Buchanan’s contributions were showcased in the IPCC Sixth Assessment Report Summary for Policymakers, which demonstrates the magnitude by which risks to coastal geographies increase with sea level rise and resource constraints.

“The report provides robust evidence of observed warming and documents how every increment of warming rapidly escalates hazards,” Buchanan said. “For example, due to sea level rise, current one-in-100-year extreme sea level events are projected to occur at least annually in more than half of all tide gauge [a mechanical device for recording water level] locations this century, even if global emissions are significantly curbed.

“The release of this report will likely further mobilize growing voluntary and regulatory interest in mitigating warming and mainstreaming climate considerations into business operations, strategy, and investment,” she added.

Dangers and Risks of Climate Change

The new IPCC synthesis report emphasizes both the value and urgency of adopting a low-carbon climate-resilient transition strategy for states, communities, and companies in the U.S. and around the world.

This is due to the diverse risks associated with the increasing effects of climate change, many of which are now observable through increasingly frequent, severe weather events.
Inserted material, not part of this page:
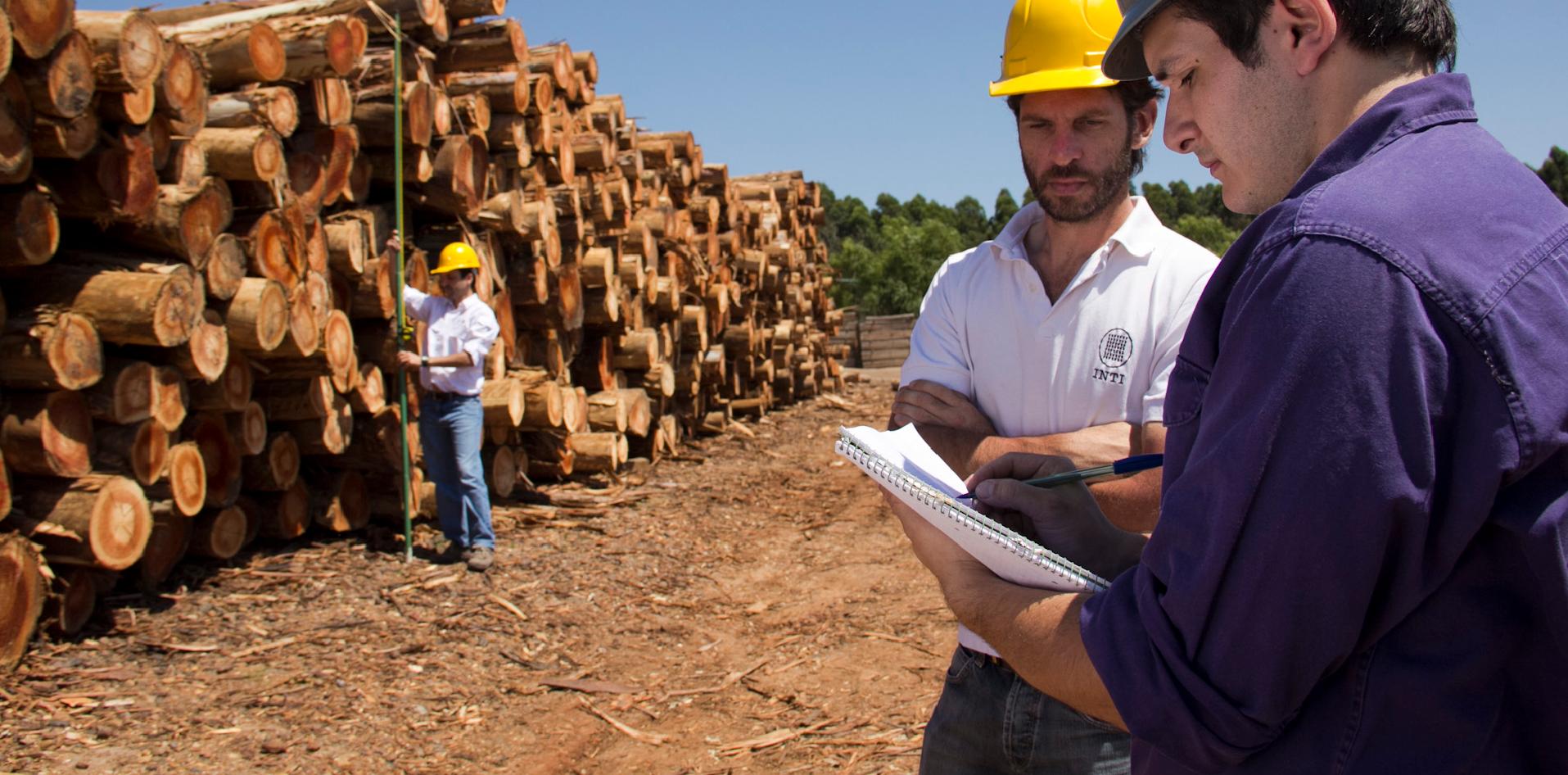 DESARROLLO LOCAL EN EL NEA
Direct physical risks from climate change can be chronic, such as rising temperatures, sea level rise, and drought. They may also be acute, including extreme weather events, such as unpredictable rainfall and flooding.

According to Darius Nassiry, director of climate finance at WSP USA, this crisis affects corporations and governments through both present-day and future impacts from adverse weather events as well as through changes in policy, technology, and consumer preferences. The former are considered physical risks, while the latter are categorized as transition risks. 
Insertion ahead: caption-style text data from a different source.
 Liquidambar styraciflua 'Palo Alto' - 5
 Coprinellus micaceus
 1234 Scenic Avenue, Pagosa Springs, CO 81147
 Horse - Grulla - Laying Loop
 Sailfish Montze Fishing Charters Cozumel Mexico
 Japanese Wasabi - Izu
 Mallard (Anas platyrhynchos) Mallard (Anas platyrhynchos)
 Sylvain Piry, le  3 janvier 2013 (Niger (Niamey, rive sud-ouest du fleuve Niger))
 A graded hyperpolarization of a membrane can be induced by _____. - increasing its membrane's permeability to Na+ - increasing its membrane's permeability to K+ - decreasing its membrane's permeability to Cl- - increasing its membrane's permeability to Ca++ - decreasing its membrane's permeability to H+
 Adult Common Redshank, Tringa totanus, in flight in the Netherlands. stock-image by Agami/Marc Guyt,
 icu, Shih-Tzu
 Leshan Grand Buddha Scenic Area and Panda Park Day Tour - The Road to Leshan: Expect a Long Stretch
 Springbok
“These risk factors will unfold over time and reshape how companies and governments make decisions around investment priorities,” Nassiry said. “They will also reshape how decisions are made in terms of governance, risk management, and transition plans toward lower-emissions, climate resilient models of corporate activity as well as government planning and budgeting.”
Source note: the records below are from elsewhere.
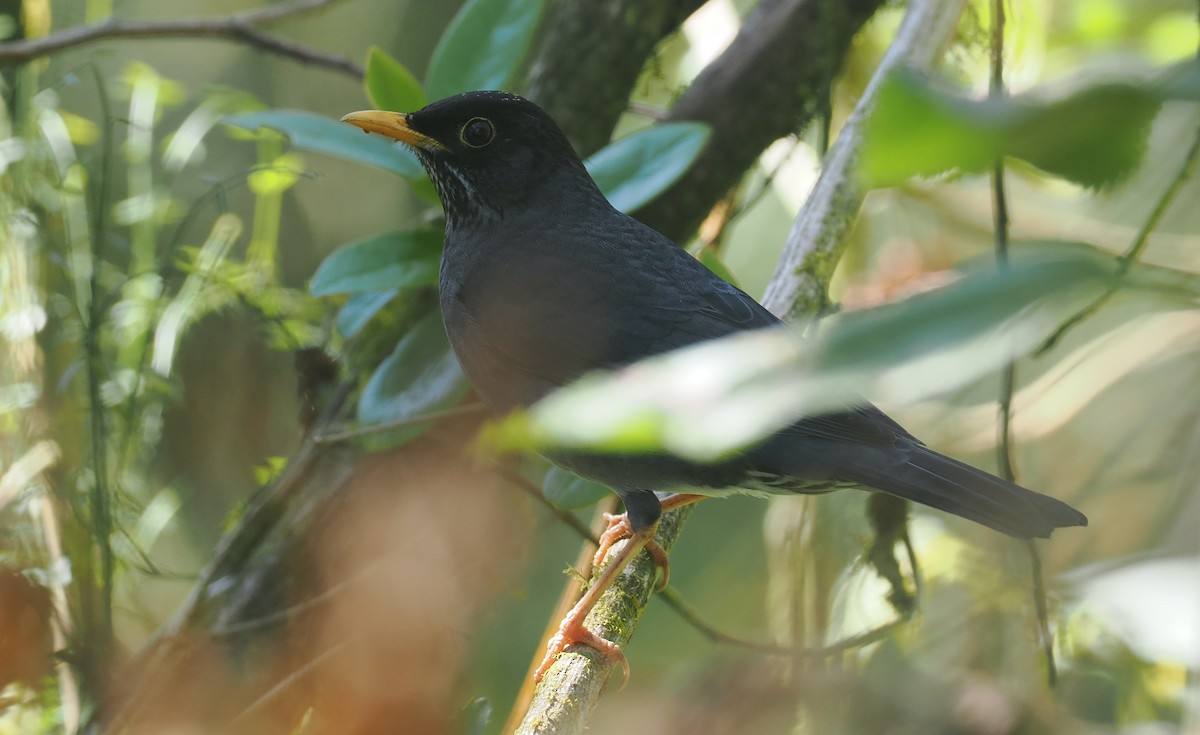 Zorzal Plomizo Andino - ML646349247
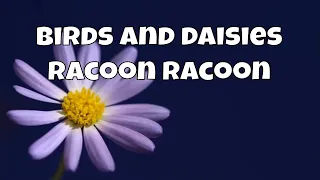 Birds and daisies - Racoon Racoon (with lyrics)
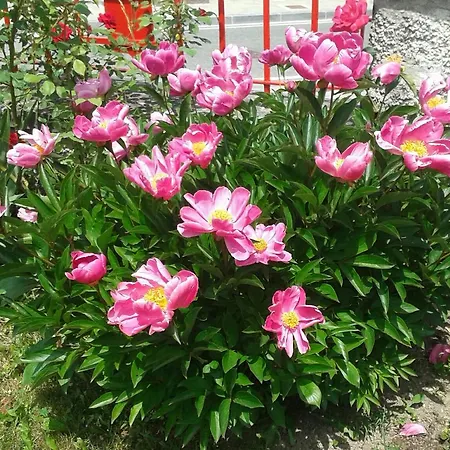 Casa Rural Errebesena Bed & Breakfast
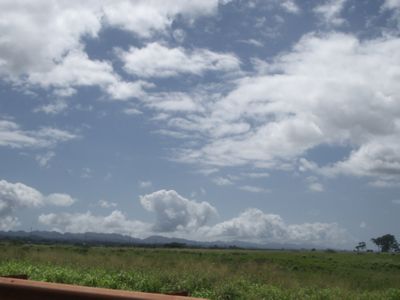 Stopped by 『Dole Plantation』 on our way to North Shore☆_c0019473_20262095.jpg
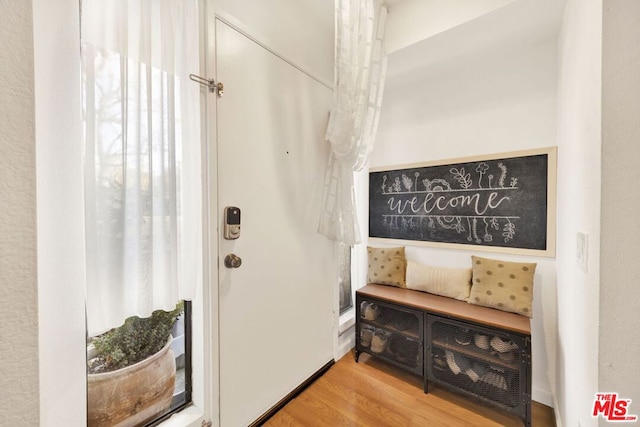 mudroom with wood-type flooring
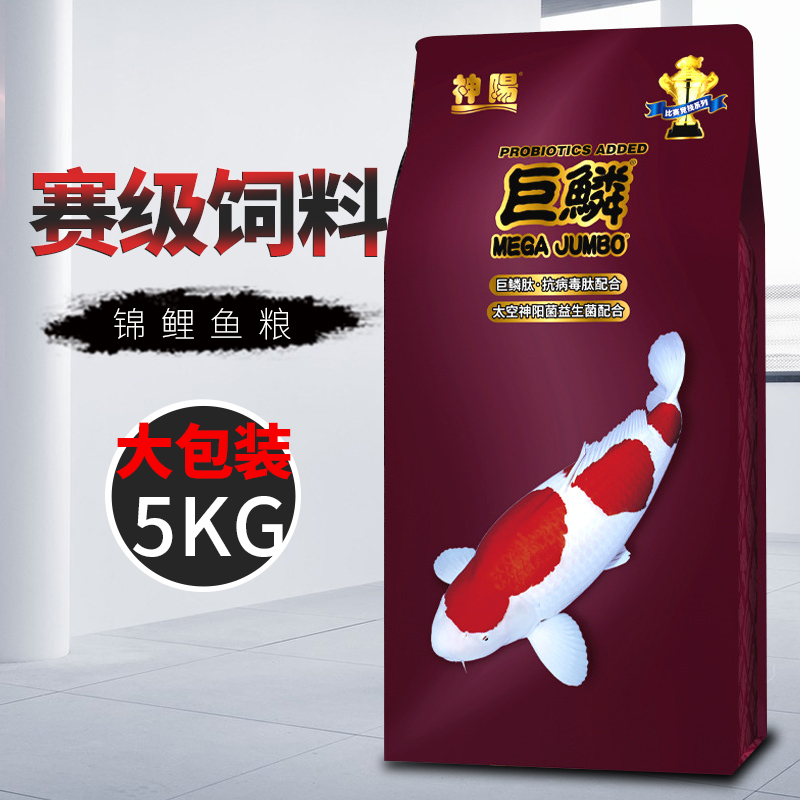 颗粒观赏鱼神阳巨鳞鱼食消化好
As an example, during the week of March 20 — the same week the IPCC report was released — the White House Council of Economic Advisers released a white paper on the implications of climate change on long-term budget planning in the U.S., which stated the following:

“The changing climate, and the rapid transformation of energy systems — including electricity generation as well as energy used in buildings, transportation, and industrial uses — required to mitigate climate change, will have widespread and long-lasting economic effects. These present risks and opportunities for the U.S. economy, financial system, and fiscal position, particularly if these effects are unexpected and not integrated into institutional planning.”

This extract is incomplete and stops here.